Posts Tagged 'Marketing'

QR Codes – uma boa ou má estratégia?

Estão cada vez mais presentes nas ações de marketing das empresas. Mas, o que são verdadeiramente os CR Codes?

Nascidos em 1994 por uma empresa japonesa chamada Denso-Wave, os QR Codes eram inicialmente utilizados para identificar peças na industria automobilística, mas a partir de 2003 começaram também a ser utilizados para aceder a todo um universo online pré-definido.
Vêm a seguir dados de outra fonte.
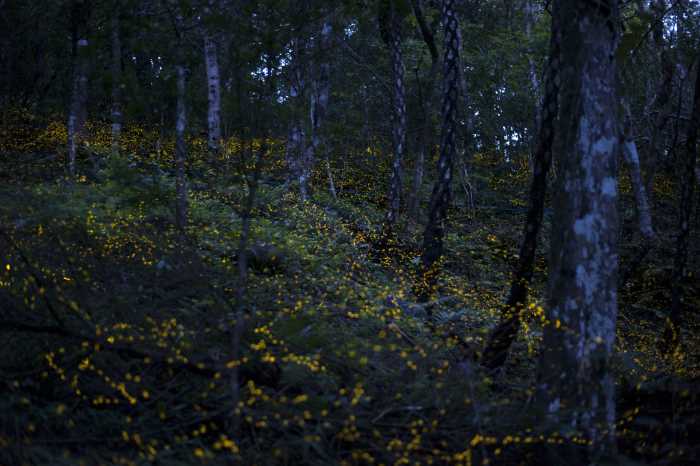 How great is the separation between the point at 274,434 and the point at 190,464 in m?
0.81

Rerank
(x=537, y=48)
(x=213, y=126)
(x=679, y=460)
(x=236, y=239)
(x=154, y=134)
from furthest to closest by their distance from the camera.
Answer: (x=537, y=48) < (x=154, y=134) < (x=213, y=126) < (x=236, y=239) < (x=679, y=460)

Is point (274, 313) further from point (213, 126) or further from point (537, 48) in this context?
point (537, 48)

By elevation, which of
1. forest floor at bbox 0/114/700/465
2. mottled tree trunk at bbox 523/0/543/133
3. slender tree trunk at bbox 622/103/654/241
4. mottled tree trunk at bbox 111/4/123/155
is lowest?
forest floor at bbox 0/114/700/465

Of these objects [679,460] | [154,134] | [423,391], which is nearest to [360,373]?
[423,391]

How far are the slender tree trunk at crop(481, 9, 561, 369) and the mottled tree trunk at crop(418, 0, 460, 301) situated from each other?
213cm

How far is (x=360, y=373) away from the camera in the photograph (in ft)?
16.9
O Quick Response Code ou QR Code é um código de barras, de alta tecnologia, que por detrás da matriz quadrada, composta por campos pretos e brancos, contém códigos que são decifráveis através do seu smartphone. Para isso, o utilizador deverá fazer download de uma aplicação específica (scan-app) que descodifique o algoritmo.

A grande quantidade de dados, guardados de forma compacta, e fáceis de aceder em qualquer lugar, diversificou e multiplicou a utilização desta ferramenta, um pouco por todo o lado. Outdoors, flyers e embalagens de produtos, são algumas das formas mais utilizadas para difundir os QR Codes e toda a informação contida nestes.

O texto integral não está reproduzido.